The index data can enhance your ability to store, retrieve, and view PDF documents with Content Manager OnDemand. The PDF indexer processes PDF input files. A PDF file is a distilled version of a PostScript file, adding structure and efficiency. A PDF file can be created by Acrobat Distiller or a special printer driver program called a PDFWriter. The PDF indexer supports PDF Version 1.9 and lower input and output files. See the documentation provided with Acrobat Distiller for more information about preparing input data for the Distiller.
The PDF indexer can logically divide reports into individual items, such as statements, policies, and bills. You can define up to 128 index fields for each item in a report.
The PDF indexer uses a coordinate system to locate the text strings that determine the beginning of a group and the index values. The coordinate system uses x and y pairs imposed on a page. For each text string, you identify its upper left and lower right position on the page. The upper left corner and lower right corner form a string box. The string box is the smallest rectangle that completely encloses the text string. The origin is in the upper left hand corner of the page. The x coordinate increases to the right and y increases down the page.

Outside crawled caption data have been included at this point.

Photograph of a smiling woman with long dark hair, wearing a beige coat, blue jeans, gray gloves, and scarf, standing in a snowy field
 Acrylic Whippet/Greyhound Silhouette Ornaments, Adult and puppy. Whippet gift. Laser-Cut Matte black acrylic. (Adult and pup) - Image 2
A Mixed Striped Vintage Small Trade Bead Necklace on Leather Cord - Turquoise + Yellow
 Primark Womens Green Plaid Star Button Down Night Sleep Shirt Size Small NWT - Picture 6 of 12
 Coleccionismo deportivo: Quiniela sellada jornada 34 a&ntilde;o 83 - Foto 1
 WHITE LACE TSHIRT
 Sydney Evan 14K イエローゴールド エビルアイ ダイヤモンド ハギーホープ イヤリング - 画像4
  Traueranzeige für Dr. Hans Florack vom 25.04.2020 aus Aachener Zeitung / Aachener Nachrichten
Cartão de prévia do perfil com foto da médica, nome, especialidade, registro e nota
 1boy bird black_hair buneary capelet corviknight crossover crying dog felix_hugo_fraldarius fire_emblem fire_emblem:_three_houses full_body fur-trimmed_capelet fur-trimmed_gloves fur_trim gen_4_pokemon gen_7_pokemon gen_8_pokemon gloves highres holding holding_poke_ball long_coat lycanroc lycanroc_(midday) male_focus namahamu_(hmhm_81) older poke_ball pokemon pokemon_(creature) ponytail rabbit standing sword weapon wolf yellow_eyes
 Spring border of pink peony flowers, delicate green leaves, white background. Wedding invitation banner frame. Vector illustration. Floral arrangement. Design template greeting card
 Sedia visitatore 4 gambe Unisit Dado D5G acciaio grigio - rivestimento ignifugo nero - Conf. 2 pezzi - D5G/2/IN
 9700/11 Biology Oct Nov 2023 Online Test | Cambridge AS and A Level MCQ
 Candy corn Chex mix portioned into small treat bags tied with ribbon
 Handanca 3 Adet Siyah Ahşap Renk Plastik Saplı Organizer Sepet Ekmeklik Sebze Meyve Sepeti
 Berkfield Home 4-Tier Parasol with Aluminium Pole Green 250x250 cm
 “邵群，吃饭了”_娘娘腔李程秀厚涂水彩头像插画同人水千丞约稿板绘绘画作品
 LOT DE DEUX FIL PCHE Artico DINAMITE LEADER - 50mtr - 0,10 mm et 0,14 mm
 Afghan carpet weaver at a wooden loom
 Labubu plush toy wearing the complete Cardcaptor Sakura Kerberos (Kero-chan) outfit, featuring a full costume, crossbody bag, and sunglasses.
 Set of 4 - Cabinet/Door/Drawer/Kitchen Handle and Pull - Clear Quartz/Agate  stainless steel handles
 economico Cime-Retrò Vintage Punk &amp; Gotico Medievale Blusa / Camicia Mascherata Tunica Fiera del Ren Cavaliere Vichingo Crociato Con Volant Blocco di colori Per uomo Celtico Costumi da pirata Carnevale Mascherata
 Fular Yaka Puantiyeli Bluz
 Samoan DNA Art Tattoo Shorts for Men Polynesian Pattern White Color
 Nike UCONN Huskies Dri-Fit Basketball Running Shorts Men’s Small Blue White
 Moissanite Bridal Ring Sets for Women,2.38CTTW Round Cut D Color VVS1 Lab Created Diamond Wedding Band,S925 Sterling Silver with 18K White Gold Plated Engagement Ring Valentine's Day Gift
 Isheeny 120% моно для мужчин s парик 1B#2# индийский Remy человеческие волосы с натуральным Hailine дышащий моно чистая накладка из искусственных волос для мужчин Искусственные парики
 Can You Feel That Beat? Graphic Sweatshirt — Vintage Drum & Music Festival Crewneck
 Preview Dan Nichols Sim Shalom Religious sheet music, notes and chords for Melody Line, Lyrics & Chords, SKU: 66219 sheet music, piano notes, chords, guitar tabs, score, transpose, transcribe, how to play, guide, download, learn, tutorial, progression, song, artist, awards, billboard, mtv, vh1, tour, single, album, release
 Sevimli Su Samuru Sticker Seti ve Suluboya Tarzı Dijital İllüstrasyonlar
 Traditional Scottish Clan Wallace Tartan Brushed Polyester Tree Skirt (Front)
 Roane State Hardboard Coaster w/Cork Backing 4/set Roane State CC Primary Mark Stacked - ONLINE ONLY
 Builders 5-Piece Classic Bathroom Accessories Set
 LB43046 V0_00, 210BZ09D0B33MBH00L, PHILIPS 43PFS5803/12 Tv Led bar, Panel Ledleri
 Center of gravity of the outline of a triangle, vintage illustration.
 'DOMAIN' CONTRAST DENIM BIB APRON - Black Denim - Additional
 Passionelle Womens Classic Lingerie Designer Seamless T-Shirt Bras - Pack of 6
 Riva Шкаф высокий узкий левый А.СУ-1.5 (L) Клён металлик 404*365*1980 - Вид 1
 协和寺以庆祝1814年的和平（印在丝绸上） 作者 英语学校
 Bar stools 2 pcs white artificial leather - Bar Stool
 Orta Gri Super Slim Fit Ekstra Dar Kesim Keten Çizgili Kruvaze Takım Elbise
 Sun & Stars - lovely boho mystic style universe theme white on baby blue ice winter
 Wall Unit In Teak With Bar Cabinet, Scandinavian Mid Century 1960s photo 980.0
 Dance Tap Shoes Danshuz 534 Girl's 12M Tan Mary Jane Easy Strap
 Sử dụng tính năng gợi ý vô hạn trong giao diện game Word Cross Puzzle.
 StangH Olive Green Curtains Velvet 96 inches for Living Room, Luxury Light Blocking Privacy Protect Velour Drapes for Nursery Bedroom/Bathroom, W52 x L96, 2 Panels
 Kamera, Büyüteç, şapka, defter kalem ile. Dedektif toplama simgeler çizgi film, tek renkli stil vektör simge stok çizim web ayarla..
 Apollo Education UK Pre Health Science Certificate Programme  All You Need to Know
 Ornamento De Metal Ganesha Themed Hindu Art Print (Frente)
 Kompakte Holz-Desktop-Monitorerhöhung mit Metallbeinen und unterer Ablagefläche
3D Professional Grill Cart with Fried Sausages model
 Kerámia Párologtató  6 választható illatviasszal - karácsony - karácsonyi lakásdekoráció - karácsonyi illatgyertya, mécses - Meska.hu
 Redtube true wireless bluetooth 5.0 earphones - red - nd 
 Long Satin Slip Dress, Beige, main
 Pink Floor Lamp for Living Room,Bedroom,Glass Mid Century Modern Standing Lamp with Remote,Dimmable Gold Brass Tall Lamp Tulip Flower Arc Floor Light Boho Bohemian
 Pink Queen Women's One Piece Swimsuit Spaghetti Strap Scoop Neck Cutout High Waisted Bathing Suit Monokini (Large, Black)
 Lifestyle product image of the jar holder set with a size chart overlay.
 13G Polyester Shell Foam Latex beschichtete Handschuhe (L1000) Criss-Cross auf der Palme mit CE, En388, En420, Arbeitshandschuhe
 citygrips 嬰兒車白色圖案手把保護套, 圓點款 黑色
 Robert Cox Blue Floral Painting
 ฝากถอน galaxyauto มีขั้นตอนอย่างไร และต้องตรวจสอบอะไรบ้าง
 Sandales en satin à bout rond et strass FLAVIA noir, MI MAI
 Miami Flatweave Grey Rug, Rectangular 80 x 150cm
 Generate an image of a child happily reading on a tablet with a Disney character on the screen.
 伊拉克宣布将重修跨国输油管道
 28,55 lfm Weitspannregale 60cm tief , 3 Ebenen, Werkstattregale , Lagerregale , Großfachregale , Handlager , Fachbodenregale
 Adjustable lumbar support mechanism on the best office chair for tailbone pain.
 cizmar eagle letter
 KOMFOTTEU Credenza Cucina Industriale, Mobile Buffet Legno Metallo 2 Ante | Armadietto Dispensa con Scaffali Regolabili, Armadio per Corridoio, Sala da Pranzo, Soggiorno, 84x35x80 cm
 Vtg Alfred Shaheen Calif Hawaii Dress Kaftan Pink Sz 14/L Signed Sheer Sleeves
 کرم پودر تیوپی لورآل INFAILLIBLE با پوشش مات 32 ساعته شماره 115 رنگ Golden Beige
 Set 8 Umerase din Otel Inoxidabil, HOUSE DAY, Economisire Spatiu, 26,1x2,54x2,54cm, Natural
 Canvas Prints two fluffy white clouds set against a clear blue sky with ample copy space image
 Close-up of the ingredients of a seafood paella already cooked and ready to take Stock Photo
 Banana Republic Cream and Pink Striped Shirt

You also identify the page on which the text string appears. Content Manager OnDemand provides the Report Wizard in the Administrator to help you create indexing parameters for the IBM Content Manager OnDemand PDF Indexer for Multiplatforms. Also provides the ARSPDUMP program to help you identify the locations of text strings on the page.
The IBM Content Manager OnDemand for Multiplatforms: Administration Guide provides details about the Report Wizard and gives examples of how to use the Report Wizard to process line data input files. Using the Report Wizard to process PDF input files is similar to processing line data input files.
The Content Manager OnDemand Indexing Reference provides details about the PDF Indexer and shows examples about how to use it to process PDF input files.